===== DATA SECTION =====
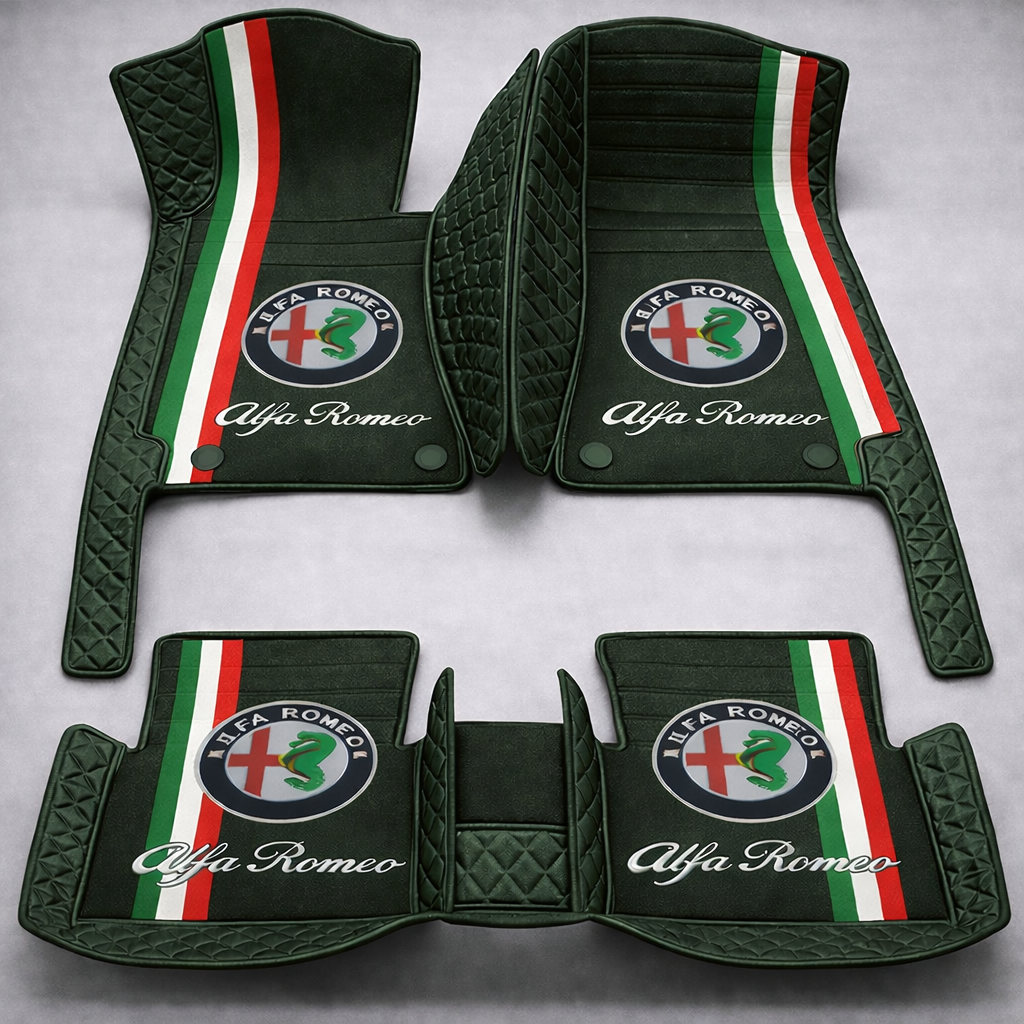 Prémium PVC és bőr autószőnyeg szett, minden időjáráshoz, vízálló – komplett első és hátsó készlet.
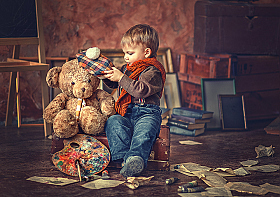 Маленький художник | Фотограф Екатерина Захаркова | foto.by фото.бай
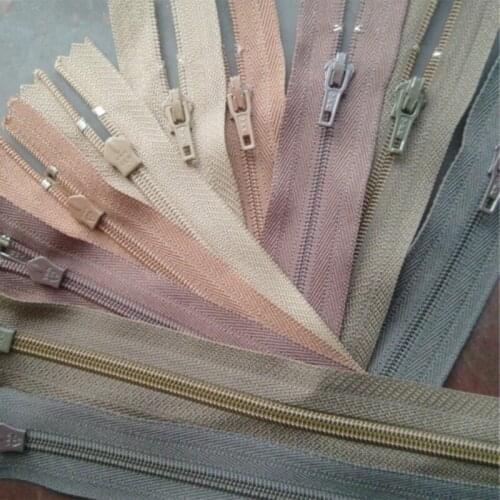 100 PCS/LOT YKK NYLON COIL Zipper FASTENER CLOSE END FOR Pants JEANS DRESS Pocket Bag TAILOR REPAIR Sewing Accessories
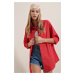 Bigdart 3900 Oversize Long Basic Shirt - Red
=====
Output the listing unchanged, pictures excluded.

 Prémium PVC és bőr autószőnyeg szett, minden időjáráshoz, vízálló – komplett első és hátsó készlet.
 Маленький художник | Фотограф Екатерина Захаркова | foto.by фото.бай
 100 PCS/LOT YKK NYLON COIL Zipper FASTENER CLOSE END FOR Pants JEANS DRESS Pocket Bag TAILOR REPAIR Sewing Accessories
 Bigdart 3900 Oversize Long Basic Shirt - Red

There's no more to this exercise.